■ **Task prompt**:
Beginning with the line containing "dem deutschen Markt." and ending with the line containing "Marco Triple para", write out each line of the records below exactly; pictures and lines outside that range are left out.

■ **Entries shown**:
⁂
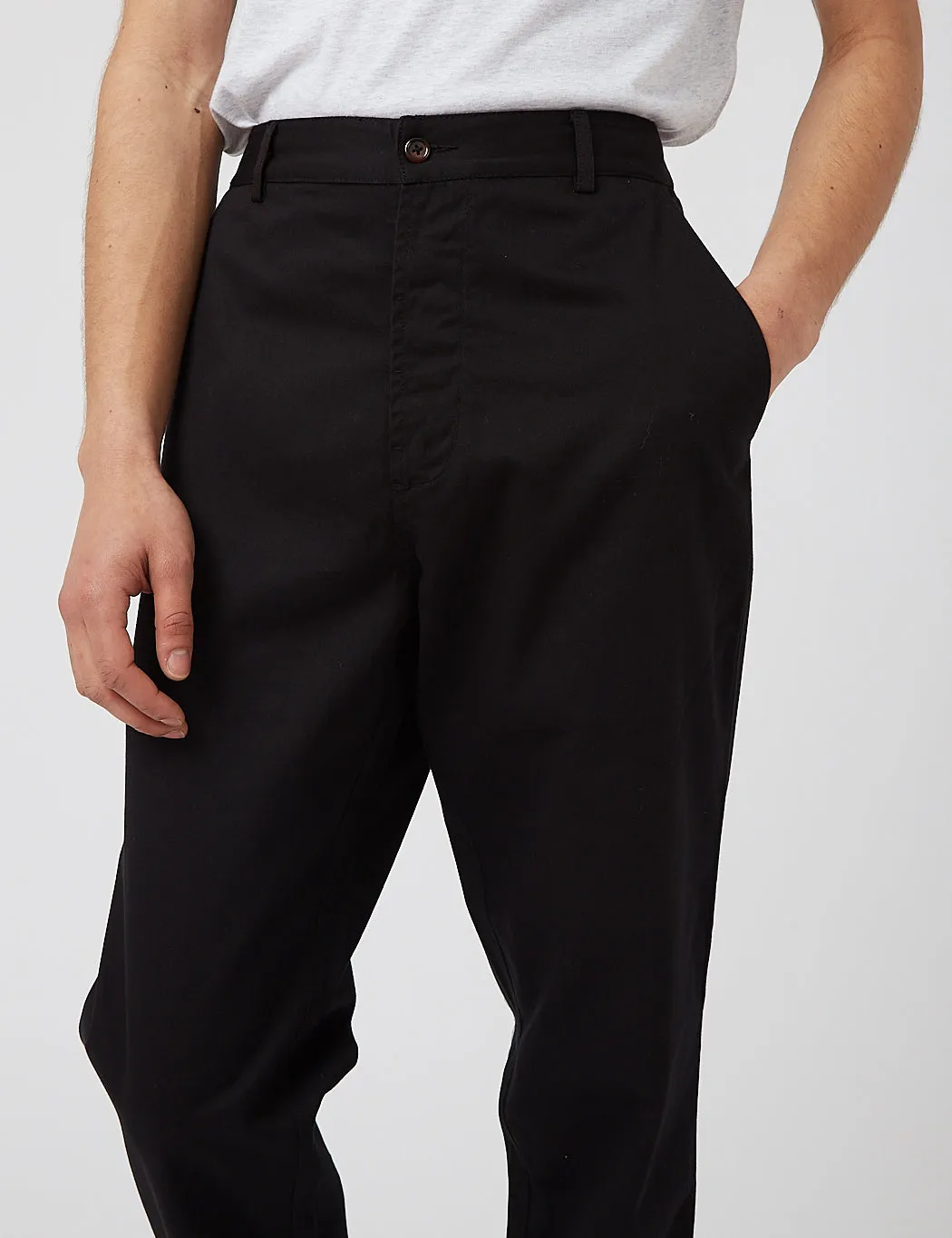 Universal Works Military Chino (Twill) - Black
⁂
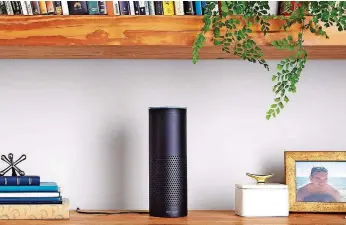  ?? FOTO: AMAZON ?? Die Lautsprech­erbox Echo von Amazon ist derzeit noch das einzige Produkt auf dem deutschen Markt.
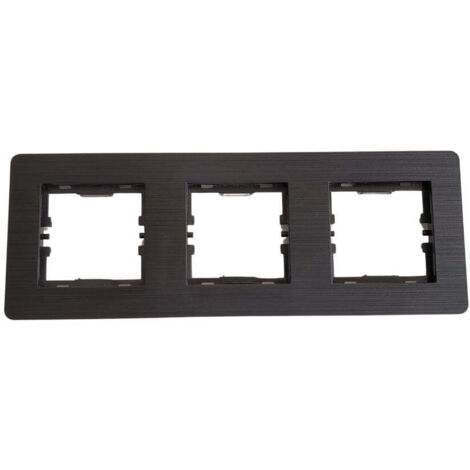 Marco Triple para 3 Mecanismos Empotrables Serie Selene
⁂
■ **Answer for the task**:
  ?? FOTO: AMAZON ?? Die Lautsprech­erbox Echo von Amazon ist derzeit noch das einzige Produkt auf dem deutschen Markt.
 Marco Triple para 3 Mecanismos Empotrables Serie Selene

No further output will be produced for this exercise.